Recovery is a succession of steps, all requiring courage – and the funny thing is, after a while it makes us courageous!

The considered life takes courage too. There is no sense in knowing yourself and understanding what makes you happy, if you don’t have the courage to make changes. Quitting a job that makes you miserable takes courage, finding real love takes courage; living as you are and not how others say you should be – takes courage.

Living the life you want on your terms is the only kind of life that makes any sense, but so many never do. Through recovery we find the courage to change.

Spirituality

We exist in the mind and in the body. Yet there’s more, we exist also on a spiritual plane – but figuring out this third part of our being takes a little effort.

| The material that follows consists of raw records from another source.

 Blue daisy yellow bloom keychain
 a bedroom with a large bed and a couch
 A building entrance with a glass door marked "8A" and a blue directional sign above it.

Spirituality can mean religion or it can mean God, but it doesn’t have to – and many self professed religious people aren’t all that spiritual. Spirituality can be understood as an experience and understanding of our place in this greater universe.

At a very basic level, the interaction of body and mind together creates something larger than the sum of its parts. And learning to appreciate and understand the body-mind effect can lead to a greater understanding of our existence on a more metaphysical plane. Recovery activities like meditation or yoga attune us to this interplay. In many recovery programs, we go searching for God – or at least, God as we understand Him, as well.

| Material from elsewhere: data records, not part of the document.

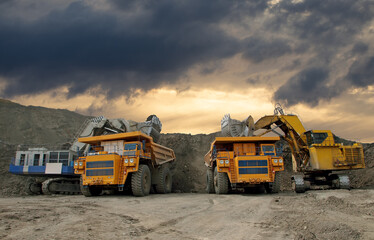 Industrial excavators loading ore into big yellow trucks of quarry. Open pit mining industry. No AI tools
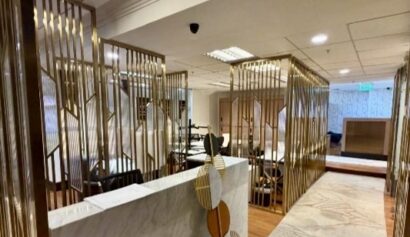 Modern office lobby with marble reception desk, gold decorative dividers, carpeted floor, and ceiling lights.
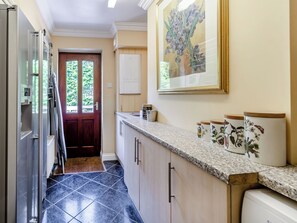 A kitchen with a dark tile floor, a wooden door, a white refrigerator, and a countertop with decorative jars.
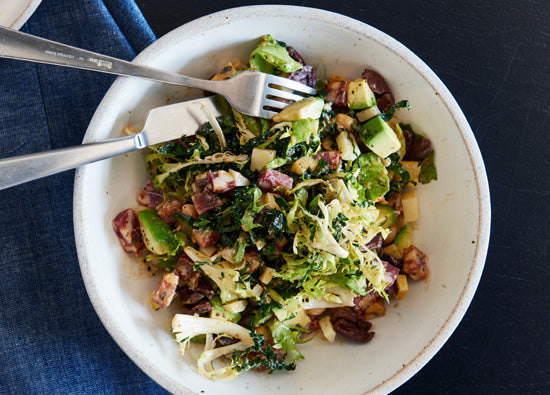 Chop salad with greens, salami, olive and chickpea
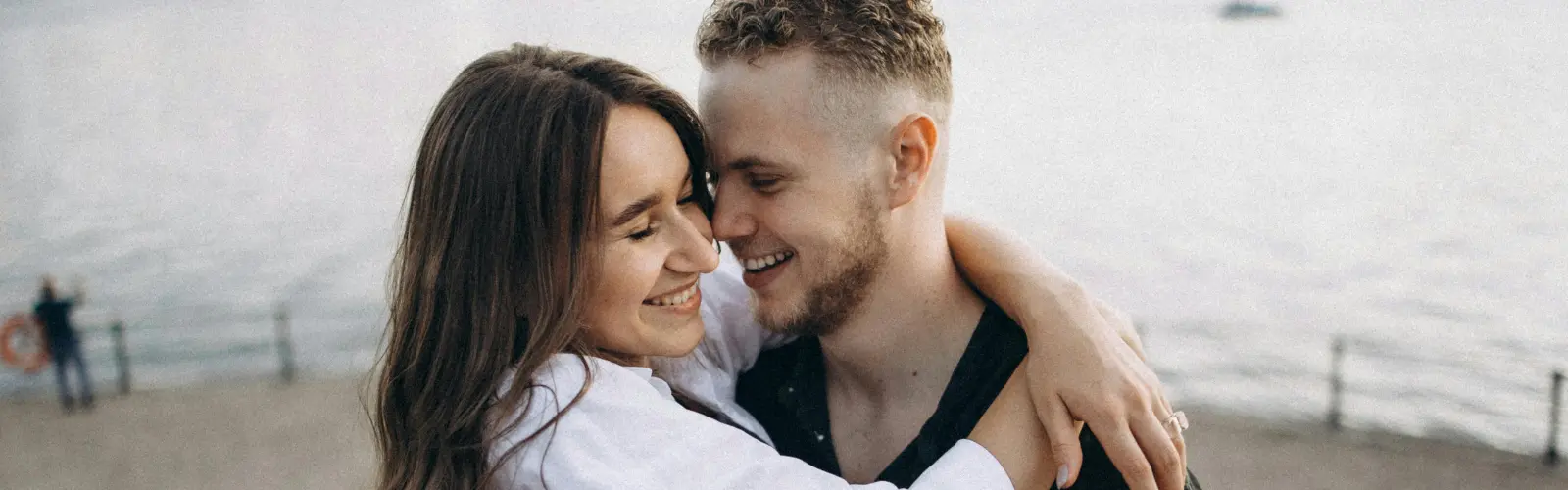 Lächelndes Paar in enger Umarmung am Wasser, als Symbol für das Meistern einer Beziehungskrise.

And finding something larger than yourself, with the power to help you, can bring a lot of peace. We are spiritual beings. Humanity and the human experience has always been an oscillating quest for pleasure, power or spirituality. However you define it – spirituality is real, and coming to understand how you fit in the universe inures you from a lot of the inconsequential unhappiness’s of the unconsidered life.

Recovery Is for Life – and or Happiness

We create so much pain while using or drinking, that it hardly seems fair that we are also granted this opportunity for such lasting peace and happiness. But we are and we should be grateful and seize this opportunity – make up for time wasted and live a life that will leave no regrets.

In a funny way, drug addicts and alcoholics are some of the luckiest people around. Addiction brings only pain – but that pain, through the recovery process, sometimes births true self knowledge and the courage to truly live.

The considered life is a happy life. Living a considered life means appreciating life, and working towards a life you appreciate – and although conceptually simple, it’s a rare thing. It takes understanding and courage, and it takes effort.

Most of us live reactionary lives – Frenzied, busy lives; stuck on our paths, too busy or scared to think about change. The addicted life epitomizes reactionary living. It’s an extreme knee-jerk case, and so it brings us deep unhappiness. Some of us, when it gets bad enough, take a courageous step and get some help. We don’t know what we need, but we know that we’ve got isn’t it. We walk into that meeting or that hospital, yearning for change, and ready to listen. And if we do listen, we are taught the most important truths of all.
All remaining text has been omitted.